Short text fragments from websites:
※ ※ ※

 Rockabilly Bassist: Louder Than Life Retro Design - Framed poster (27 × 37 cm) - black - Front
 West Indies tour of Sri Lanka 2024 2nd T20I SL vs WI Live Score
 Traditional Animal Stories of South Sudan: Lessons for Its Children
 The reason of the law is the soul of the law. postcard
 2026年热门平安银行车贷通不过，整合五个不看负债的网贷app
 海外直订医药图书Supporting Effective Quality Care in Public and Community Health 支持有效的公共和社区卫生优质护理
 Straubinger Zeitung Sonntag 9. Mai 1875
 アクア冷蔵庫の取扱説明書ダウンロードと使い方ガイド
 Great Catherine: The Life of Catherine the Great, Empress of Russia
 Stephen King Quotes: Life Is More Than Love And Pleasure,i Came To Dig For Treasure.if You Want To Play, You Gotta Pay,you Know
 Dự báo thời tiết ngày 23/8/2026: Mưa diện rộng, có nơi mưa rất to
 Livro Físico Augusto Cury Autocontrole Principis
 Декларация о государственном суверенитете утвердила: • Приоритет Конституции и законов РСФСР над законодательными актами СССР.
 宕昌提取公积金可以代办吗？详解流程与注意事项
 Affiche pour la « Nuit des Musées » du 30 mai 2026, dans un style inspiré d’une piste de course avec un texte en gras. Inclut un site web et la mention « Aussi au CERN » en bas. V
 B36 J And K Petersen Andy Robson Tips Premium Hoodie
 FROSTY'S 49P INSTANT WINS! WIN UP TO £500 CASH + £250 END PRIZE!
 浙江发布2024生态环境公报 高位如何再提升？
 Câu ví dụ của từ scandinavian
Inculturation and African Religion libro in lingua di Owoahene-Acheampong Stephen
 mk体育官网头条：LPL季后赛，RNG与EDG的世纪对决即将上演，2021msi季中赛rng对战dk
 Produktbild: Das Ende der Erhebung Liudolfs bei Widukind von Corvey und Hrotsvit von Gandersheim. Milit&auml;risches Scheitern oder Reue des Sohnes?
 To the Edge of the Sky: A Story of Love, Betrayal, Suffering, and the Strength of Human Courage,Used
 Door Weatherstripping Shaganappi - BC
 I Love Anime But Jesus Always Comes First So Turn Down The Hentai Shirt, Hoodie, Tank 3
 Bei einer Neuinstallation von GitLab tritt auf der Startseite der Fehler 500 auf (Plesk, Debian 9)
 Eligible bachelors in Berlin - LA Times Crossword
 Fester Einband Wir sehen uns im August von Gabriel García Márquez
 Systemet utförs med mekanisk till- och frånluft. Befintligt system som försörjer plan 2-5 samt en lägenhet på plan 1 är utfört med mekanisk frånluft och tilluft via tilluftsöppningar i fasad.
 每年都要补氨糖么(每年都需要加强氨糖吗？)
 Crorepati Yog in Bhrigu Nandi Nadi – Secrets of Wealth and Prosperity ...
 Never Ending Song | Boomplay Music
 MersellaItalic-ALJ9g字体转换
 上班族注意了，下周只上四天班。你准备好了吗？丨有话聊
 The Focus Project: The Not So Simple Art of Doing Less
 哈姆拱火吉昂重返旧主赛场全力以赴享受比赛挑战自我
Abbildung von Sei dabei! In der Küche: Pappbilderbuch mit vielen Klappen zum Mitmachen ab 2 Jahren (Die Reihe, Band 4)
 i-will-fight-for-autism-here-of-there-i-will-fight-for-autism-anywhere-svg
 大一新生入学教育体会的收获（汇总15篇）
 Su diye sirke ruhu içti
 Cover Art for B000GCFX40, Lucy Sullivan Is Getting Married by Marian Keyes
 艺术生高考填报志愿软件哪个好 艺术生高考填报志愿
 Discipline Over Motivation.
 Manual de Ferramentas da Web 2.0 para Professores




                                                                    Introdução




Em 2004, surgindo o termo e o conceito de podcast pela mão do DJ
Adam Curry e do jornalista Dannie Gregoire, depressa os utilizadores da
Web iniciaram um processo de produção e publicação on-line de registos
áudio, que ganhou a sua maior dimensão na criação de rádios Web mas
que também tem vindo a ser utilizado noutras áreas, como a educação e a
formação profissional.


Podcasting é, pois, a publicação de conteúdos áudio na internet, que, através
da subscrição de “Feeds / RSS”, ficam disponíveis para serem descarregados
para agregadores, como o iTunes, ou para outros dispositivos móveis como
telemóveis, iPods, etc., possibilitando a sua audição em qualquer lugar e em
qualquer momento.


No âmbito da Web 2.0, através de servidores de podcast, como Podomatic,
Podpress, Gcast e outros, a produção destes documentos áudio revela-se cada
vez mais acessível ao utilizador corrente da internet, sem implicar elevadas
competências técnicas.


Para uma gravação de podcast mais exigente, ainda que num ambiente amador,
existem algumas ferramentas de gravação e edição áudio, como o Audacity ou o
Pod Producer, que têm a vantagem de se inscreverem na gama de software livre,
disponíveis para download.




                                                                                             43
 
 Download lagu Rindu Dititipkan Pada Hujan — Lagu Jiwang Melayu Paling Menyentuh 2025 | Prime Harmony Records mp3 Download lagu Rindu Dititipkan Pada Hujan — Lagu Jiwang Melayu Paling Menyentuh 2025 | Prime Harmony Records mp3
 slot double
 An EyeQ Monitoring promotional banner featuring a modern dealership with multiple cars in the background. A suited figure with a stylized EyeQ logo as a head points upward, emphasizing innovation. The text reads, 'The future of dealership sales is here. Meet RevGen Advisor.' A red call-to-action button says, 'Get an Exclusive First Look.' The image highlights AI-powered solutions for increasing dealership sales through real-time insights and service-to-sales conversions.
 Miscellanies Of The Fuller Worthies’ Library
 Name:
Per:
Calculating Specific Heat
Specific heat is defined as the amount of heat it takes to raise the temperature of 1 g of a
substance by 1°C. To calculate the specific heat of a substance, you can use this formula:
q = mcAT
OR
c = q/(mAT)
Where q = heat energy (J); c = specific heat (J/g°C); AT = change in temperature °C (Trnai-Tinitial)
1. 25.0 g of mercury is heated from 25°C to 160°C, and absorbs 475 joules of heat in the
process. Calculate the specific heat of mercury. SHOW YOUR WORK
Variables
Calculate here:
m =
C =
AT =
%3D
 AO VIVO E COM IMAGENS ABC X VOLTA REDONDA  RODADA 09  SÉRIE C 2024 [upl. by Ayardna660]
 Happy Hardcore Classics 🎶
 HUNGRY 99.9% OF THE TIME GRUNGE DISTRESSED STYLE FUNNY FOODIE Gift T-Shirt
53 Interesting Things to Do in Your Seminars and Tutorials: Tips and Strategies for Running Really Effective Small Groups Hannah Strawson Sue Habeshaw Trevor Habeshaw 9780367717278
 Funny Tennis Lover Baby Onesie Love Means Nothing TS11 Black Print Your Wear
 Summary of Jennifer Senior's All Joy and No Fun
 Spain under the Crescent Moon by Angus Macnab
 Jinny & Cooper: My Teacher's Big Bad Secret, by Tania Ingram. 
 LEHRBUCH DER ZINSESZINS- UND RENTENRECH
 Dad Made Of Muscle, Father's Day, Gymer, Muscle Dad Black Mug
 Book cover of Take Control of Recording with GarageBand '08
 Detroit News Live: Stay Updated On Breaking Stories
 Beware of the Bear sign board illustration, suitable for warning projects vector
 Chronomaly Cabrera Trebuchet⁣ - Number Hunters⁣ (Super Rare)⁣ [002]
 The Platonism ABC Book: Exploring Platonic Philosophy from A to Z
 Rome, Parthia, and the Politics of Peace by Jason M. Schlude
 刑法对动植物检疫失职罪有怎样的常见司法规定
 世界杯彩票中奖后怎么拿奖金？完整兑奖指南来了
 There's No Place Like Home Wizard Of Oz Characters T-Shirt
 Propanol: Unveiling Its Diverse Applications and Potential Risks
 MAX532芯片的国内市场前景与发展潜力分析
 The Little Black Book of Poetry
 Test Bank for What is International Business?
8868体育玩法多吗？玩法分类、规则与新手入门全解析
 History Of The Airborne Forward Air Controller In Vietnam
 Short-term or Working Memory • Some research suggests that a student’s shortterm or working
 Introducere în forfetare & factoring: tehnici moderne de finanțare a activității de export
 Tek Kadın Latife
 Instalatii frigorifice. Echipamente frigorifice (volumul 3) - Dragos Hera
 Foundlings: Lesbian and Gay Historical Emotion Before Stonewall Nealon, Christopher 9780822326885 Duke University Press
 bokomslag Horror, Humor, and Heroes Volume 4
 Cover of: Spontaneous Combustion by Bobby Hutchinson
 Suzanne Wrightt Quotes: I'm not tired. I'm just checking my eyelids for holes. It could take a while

※ ※ ※

Problem description:
Each line above from the one with "Stephen King Quotes: Life" up to and including the one with "mk体育官网头条：LPL季后" must be set down exactly, and no line outside that span may appear.

Answer:
 Stephen King Quotes: Life Is More Than Love And Pleasure,i Came To Dig For Treasure.if You Want To Play, You Gotta Pay,you Know
 Dự báo thời tiết ngày 23/8/2026: Mưa diện rộng, có nơi mưa rất to
 Livro Físico Augusto Cury Autocontrole Principis
 Декларация о государственном суверенитете утвердила: • Приоритет Конституции и законов РСФСР над законодательными актами СССР.
 宕昌提取公积金可以代办吗？详解流程与注意事项
 Affiche pour la « Nuit des Musées » du 30 mai 2026, dans un style inspiré d’une piste de course avec un texte en gras. Inclut un site web et la mention « Aussi au CERN » en bas. V
 B36 J And K Petersen Andy Robson Tips Premium Hoodie
 FROSTY'S 49P INSTANT WINS! WIN UP TO £500 CASH + £250 END PRIZE!
 浙江发布2024生态环境公报 高位如何再提升？
 Câu ví dụ của từ scandinavian
Inculturation and African Religion libro in lingua di Owoahene-Acheampong Stephen
 mk体育官网头条：LPL季后赛，RNG与EDG的世纪对决即将上演，2021msi季中赛rng对战dk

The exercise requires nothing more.